[Provided information Boundary: Start]

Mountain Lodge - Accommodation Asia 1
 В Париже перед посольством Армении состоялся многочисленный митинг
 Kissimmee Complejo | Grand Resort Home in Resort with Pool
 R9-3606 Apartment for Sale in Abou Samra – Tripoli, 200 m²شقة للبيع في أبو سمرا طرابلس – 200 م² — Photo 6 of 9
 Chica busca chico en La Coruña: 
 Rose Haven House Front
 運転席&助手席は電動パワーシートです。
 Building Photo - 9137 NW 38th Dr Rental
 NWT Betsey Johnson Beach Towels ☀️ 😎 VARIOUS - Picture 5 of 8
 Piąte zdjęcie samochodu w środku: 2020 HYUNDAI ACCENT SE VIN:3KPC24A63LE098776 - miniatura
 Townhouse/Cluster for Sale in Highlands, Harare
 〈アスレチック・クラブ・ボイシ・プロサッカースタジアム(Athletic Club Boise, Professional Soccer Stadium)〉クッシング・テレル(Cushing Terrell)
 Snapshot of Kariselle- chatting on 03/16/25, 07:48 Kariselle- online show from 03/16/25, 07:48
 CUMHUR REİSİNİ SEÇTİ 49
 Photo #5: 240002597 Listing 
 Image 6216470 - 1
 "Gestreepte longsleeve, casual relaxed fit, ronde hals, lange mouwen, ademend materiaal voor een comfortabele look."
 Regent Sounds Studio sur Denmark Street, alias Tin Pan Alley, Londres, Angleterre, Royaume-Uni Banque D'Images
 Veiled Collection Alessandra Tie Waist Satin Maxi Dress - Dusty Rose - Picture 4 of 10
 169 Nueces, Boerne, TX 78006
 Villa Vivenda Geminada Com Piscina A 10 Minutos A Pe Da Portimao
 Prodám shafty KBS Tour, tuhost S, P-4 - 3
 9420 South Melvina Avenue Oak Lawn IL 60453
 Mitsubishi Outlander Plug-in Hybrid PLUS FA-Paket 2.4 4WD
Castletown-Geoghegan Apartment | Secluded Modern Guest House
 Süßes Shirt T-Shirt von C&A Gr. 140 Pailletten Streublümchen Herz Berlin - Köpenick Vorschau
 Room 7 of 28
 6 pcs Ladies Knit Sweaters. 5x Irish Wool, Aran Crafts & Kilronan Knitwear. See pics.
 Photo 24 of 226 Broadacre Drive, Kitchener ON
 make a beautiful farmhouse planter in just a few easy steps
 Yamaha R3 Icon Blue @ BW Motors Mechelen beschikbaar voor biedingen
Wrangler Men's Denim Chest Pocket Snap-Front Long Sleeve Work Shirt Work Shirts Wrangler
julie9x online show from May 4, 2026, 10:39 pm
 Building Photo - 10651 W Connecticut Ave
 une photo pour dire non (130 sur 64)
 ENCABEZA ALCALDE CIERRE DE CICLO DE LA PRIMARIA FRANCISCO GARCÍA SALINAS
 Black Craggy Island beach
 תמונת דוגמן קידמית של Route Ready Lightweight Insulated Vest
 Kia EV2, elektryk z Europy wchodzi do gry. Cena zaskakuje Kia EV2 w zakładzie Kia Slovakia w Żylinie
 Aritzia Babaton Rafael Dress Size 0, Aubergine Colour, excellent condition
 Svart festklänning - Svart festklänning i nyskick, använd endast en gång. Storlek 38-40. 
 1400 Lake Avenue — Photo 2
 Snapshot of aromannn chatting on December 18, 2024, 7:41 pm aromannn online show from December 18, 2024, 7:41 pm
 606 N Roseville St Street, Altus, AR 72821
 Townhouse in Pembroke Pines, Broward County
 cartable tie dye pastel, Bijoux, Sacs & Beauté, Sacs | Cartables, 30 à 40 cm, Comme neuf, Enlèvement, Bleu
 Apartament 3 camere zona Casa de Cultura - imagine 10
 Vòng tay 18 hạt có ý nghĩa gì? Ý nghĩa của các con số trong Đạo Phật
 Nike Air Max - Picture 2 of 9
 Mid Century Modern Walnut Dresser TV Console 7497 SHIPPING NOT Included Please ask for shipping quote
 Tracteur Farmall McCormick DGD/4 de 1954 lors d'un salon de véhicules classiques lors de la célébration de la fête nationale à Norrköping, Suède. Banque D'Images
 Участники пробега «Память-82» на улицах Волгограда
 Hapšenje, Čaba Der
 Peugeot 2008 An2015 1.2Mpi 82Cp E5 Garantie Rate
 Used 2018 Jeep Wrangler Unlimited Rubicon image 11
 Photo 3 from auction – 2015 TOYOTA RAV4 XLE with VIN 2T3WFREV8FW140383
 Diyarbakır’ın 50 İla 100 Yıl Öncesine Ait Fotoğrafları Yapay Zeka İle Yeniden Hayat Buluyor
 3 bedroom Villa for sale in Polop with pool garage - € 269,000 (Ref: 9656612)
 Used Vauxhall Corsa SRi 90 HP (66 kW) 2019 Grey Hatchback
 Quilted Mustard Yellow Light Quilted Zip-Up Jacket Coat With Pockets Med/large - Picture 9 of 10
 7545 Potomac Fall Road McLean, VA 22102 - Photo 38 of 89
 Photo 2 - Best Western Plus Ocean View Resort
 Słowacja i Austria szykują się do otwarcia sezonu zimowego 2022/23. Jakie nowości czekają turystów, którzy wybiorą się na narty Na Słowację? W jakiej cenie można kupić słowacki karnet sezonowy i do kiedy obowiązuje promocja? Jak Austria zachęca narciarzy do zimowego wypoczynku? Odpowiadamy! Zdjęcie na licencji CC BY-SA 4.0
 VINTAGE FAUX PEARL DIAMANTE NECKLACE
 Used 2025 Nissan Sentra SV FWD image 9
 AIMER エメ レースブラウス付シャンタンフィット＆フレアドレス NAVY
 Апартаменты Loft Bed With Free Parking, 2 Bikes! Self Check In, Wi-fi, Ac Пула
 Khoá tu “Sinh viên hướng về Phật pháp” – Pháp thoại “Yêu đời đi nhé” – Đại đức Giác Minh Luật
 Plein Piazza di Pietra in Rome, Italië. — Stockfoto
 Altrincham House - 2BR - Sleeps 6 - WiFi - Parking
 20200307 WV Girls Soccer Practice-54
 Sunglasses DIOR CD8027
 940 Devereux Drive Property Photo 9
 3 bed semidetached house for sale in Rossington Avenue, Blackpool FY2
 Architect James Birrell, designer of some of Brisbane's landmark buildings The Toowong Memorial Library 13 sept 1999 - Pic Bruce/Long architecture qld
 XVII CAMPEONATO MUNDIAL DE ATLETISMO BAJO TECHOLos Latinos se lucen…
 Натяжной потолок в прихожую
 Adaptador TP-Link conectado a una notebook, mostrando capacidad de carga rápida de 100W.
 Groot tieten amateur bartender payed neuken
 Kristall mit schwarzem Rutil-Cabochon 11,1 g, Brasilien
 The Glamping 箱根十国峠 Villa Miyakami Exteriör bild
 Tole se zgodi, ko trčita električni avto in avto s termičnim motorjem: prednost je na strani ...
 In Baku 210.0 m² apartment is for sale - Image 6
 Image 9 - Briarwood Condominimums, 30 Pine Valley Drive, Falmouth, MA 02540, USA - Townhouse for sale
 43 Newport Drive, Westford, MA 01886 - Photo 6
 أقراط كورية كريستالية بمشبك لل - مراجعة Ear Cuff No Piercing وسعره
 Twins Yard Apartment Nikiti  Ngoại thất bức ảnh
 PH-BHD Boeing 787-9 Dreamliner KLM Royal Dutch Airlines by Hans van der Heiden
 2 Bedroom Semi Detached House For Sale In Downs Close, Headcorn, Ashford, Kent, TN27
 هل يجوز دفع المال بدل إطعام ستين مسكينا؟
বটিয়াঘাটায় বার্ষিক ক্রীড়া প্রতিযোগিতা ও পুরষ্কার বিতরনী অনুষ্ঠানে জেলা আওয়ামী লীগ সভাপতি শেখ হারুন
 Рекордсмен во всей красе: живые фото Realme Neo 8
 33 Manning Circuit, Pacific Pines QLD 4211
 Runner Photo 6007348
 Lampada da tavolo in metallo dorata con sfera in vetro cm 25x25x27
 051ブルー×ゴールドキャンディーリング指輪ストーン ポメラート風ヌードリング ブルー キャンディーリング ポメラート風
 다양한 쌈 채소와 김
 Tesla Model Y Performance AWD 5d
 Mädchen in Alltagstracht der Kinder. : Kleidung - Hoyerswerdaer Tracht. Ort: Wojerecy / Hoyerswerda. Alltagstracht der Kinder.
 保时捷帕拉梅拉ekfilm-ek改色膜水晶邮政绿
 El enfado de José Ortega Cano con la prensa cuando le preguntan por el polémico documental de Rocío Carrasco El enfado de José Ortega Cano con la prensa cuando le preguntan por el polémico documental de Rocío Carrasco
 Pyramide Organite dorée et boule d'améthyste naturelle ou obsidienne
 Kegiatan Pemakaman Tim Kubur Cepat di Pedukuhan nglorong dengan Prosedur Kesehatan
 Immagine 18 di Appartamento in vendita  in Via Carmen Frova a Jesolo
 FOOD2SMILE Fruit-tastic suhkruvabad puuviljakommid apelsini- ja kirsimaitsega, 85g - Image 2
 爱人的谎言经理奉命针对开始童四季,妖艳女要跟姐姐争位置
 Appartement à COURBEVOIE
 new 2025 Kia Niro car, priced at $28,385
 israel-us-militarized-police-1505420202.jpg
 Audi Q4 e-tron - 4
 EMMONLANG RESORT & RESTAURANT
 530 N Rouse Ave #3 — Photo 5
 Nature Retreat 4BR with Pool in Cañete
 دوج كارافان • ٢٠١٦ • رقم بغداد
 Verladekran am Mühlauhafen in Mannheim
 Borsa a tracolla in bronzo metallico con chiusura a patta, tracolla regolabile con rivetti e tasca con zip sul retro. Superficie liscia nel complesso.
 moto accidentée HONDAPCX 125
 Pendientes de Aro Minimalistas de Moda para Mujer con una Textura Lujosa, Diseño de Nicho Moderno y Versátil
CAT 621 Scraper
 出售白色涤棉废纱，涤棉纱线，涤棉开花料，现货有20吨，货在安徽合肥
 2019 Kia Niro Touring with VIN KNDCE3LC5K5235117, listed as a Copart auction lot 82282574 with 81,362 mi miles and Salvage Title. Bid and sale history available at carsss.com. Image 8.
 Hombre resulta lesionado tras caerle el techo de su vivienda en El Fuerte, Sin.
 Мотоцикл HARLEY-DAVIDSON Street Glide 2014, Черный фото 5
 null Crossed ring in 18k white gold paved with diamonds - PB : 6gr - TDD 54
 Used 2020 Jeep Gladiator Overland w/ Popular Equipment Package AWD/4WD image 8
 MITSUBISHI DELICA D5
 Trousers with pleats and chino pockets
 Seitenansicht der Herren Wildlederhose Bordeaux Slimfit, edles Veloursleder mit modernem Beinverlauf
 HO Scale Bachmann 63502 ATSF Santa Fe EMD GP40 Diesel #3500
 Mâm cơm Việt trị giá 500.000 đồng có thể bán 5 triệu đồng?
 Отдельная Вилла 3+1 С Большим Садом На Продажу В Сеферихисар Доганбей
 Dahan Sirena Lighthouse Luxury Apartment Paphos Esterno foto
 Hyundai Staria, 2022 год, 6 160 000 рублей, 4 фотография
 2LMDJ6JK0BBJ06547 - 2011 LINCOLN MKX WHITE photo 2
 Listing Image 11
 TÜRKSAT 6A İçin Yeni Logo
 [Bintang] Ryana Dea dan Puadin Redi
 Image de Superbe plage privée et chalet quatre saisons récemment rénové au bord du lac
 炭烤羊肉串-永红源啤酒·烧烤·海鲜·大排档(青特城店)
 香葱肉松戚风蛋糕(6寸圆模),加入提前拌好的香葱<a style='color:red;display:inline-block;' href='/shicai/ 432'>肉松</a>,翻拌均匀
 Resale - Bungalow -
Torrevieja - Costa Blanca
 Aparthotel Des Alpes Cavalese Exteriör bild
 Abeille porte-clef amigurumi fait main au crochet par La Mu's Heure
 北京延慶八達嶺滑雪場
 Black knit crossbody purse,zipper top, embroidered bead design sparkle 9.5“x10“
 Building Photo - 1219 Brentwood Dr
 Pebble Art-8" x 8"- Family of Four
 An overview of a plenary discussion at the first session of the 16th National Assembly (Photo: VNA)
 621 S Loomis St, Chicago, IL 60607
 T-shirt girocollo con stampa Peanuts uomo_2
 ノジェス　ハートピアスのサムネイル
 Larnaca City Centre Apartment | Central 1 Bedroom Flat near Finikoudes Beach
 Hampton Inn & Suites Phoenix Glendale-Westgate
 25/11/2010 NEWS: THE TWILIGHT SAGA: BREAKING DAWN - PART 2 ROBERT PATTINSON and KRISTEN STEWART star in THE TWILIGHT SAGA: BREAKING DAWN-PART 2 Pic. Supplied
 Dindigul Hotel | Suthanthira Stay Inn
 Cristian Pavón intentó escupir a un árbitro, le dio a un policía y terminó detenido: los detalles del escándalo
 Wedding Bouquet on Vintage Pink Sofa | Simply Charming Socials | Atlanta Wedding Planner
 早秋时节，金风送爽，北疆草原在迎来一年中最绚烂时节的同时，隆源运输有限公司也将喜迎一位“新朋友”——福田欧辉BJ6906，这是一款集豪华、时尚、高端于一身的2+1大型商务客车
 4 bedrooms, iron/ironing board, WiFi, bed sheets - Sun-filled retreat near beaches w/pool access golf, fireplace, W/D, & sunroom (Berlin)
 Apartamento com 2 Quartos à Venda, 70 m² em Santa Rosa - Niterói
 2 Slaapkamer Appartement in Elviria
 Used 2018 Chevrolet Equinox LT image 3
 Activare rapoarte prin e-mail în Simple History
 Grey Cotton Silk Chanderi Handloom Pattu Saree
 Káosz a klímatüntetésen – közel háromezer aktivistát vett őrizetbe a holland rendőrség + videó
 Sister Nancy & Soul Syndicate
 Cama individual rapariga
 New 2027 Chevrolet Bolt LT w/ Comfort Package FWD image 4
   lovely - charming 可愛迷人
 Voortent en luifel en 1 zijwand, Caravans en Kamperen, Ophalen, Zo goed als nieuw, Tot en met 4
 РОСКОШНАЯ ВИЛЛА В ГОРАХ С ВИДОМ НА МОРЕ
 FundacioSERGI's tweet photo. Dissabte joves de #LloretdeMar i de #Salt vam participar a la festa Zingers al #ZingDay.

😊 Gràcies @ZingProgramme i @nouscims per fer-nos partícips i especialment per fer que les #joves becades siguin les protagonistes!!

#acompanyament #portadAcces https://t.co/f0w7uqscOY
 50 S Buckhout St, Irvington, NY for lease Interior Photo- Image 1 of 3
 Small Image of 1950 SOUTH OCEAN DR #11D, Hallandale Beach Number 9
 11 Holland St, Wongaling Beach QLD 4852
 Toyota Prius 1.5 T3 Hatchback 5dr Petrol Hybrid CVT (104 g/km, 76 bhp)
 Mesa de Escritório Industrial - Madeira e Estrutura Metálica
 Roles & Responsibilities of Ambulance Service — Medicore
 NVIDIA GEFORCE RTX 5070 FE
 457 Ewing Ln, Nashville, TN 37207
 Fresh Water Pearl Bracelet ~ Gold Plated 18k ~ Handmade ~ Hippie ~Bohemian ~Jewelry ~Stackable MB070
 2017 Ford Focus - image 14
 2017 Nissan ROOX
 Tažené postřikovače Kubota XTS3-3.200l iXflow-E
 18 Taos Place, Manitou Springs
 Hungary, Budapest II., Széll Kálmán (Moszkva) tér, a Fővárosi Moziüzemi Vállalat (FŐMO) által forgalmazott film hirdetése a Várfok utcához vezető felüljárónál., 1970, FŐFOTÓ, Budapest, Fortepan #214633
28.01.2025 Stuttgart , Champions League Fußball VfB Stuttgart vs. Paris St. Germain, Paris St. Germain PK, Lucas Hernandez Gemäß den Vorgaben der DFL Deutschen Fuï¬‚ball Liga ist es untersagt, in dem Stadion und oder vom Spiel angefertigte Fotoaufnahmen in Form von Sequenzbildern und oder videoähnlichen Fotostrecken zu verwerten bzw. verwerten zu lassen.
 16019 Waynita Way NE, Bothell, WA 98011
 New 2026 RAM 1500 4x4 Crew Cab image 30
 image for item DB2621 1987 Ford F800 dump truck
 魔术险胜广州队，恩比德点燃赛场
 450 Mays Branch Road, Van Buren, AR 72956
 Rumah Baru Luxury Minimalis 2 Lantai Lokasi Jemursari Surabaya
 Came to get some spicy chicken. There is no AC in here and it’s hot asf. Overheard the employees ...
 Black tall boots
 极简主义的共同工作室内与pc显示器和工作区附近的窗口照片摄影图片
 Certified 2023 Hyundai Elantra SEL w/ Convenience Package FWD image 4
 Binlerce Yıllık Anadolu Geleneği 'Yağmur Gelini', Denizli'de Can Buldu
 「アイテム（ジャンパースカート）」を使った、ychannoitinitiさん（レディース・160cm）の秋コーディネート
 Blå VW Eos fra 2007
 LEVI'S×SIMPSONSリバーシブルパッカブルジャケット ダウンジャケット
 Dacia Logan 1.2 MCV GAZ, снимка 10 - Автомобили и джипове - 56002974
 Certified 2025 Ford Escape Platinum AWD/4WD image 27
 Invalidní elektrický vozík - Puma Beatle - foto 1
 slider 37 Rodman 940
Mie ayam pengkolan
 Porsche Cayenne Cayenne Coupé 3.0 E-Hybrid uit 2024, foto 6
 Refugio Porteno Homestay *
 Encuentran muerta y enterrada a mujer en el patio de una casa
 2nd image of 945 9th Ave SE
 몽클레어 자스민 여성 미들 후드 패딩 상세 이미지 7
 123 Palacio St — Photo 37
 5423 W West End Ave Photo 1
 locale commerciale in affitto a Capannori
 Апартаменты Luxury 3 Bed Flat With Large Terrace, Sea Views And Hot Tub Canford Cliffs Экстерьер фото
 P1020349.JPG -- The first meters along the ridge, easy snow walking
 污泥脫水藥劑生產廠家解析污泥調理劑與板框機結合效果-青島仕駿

[Provided information Boundary: End]

Problem to solve:
Figure out how many lines of the data above include "first", then give the number and nothing more.

Answer for this exercise:
2